Information about data and baselines are provided in the sections specific to each language pair.

Data and Baselines

Dialectal Arabic to English (ara-eng)

This language pair will focus on evaluating performance on two Arabic vernaculars:

Tunisian (ISO-3 code: aeb)
North Levantine (ISO-3 code: apc)

We point the participants to training data across different Arabic varieties:

The aeb-eng training data are the same as the one used in the IWSLT 2022 and 2023 tracks: https://iwslt.org/2022/dialect. We suggest you follow the train/dev/test1 split instructions according to the linked webpage.
The apc-eng validation/testing data (with transcriptions) can be found here. Participants are provided with about 120k lines of multi-parallel North Levantine-MSA-English textual data, that can be downloaded from the LINDAT/CLARIAH-CZ Repository. For the speech data, we recommend two LDC resources: BBN/AUB DARPA Babylon Levantine corpus (Speech + Transcript) and the Levantine Arabic QT Training Data Set 5 corpus (Speech + Transcript).
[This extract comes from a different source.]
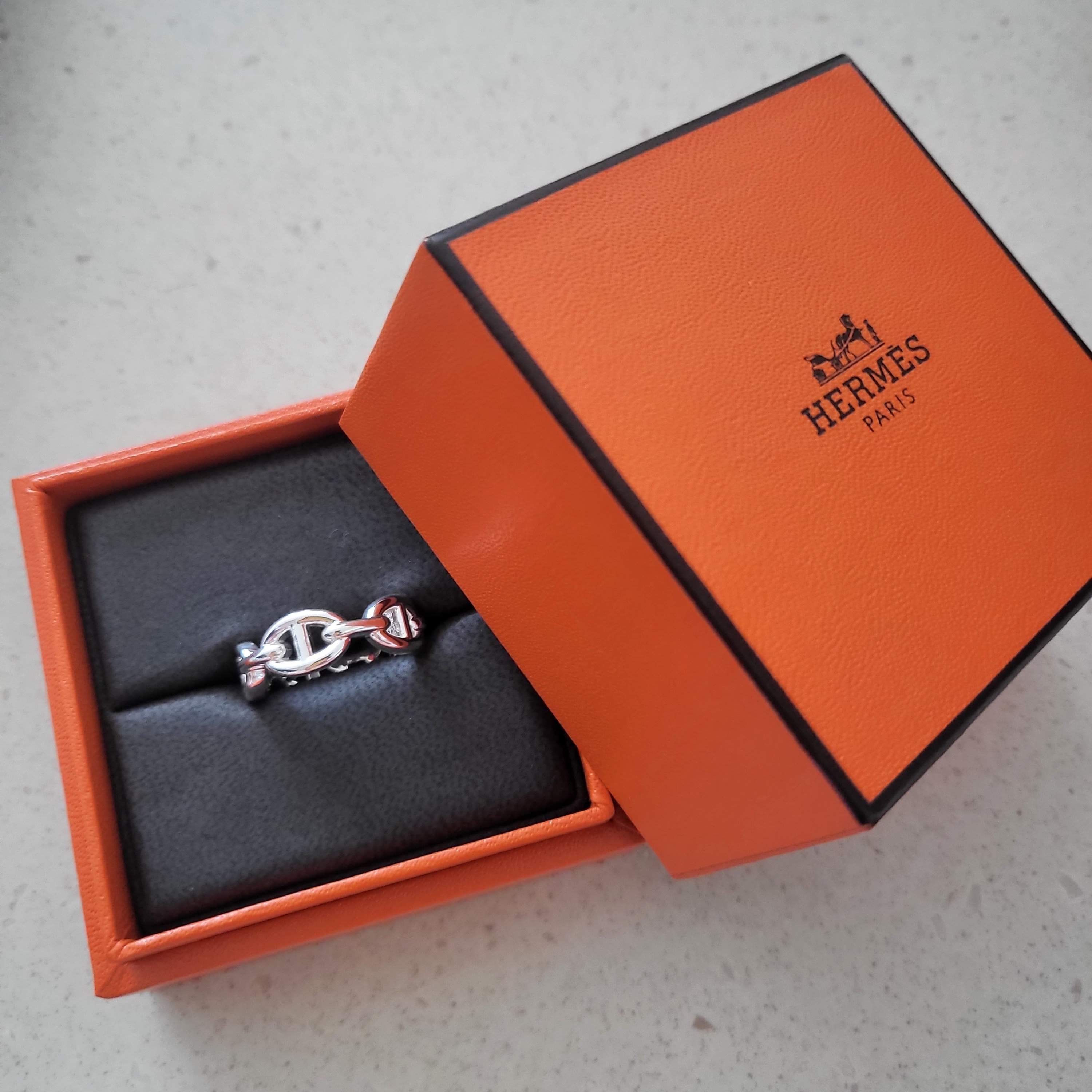 (W) Hermes Small Chaine D'Ancre Enchainee Ring Sterling Silver 착용 스타일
[Feb 8 Update:] We have worked with LDC to make sure participants can access the below-mentioned Tunisian-English data! See below. IWSLT participants may obtain the Tunisian-English speech translation data for no cost from LDC. Please sign this form and email it to ldc@ldc.upenn.edu (see instructions in the form itself). This 3-way parallel data corresponds to 160 hours and 200k lines worth of aligned audio in Tunisian speech, Tunisian transcripts, and English translations. All datasets have been manually segmented at the utterance level.
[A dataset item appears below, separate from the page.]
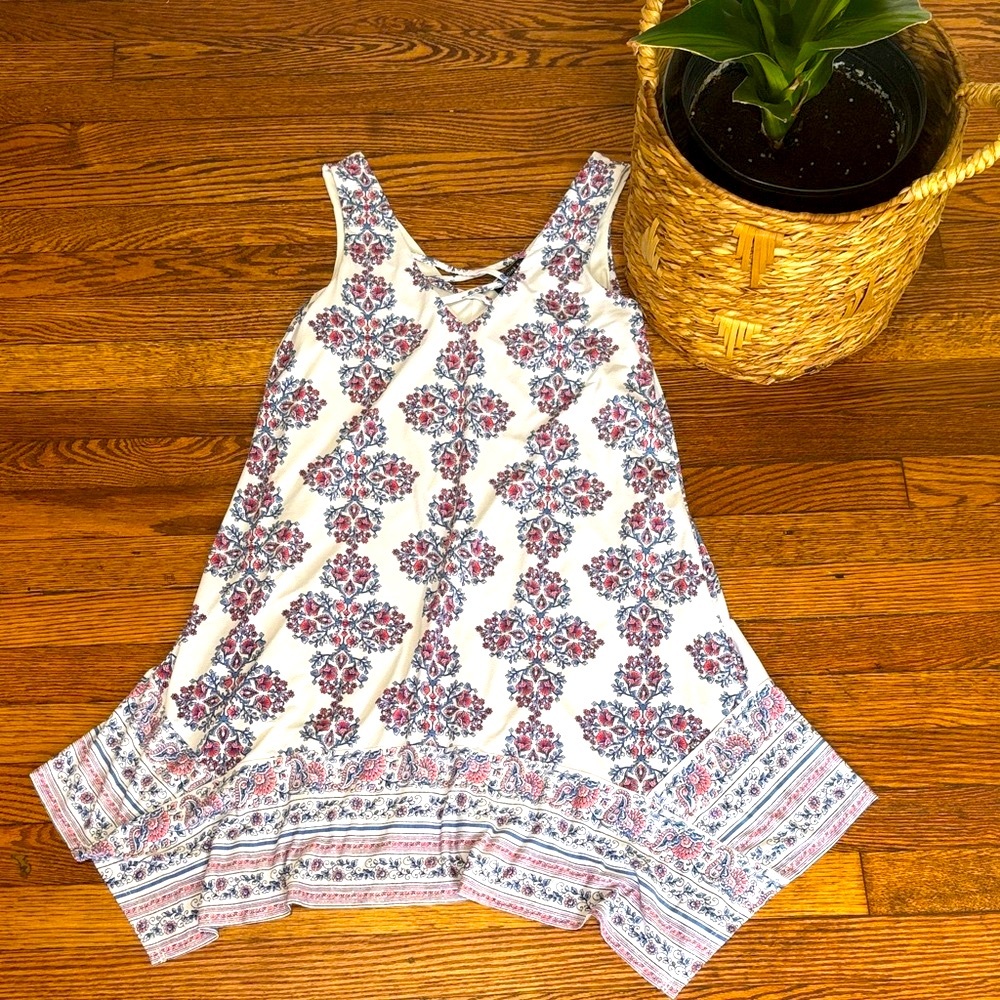 Women’s White Floral Swing Dress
We also provide links to speech recognition datasets that include Arabic data:

OpenSLR Resource SLR46
OpenSLR Resource SLR48
OpenSLR Resource SLR108
OpenSLR Resource SLR132

[April 2 Update:] THE TEST DATA FOR 2024 IS NOW AVAILABLE HERE

Bemba to English (bem-eng)

Bemba is a Bantu language, spoken by over 10 million people in Zambia and other parts of Africa.
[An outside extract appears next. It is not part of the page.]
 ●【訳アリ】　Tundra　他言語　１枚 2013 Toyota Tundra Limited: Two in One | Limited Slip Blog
Data are based on the corpus described in this paper, providing 180 hours of Bemba speech, along with transcriptions and translations in English. They are available for download in this Github link.

Additional Bemba speech data (with transcriptions) are available here:

BembaSpeech data paper
ZambeziVoice data paper

[April 2 Update:] THE TEST DATA FOR 2024 IS NOW AVAILABLE HERE

Bhojpuri to Hindi (bho-hin)

Bhojpuri belongs to the Indo-Aryan language group. It is dominantly spoken in India’s western part of Bihar, the north-western part of Jharkhand, and the Purvanchal region of Uttar Pradesh. As per the 2011 Census of India, it has around 50.58 million speakers. Bhojpuri is spoken not just in India but also in other countries such as Nepal, Trinidad, Mauritius, Guyana, Suriname, and Fiji. Since Bhojpuri was considered a dialect of Hindi for a long time, it did not attract much attention from linguists and hence remains among the many lesser-known and less-resourced languages of India.

IWSLT participants may obtain the Bhojpuri-Hindi speech translation data without any cost. Please sign this form and email it to info@panlingua.co.in. This corpus consists of 25 hours of audio speech data from the news domain and translations into Hindi text.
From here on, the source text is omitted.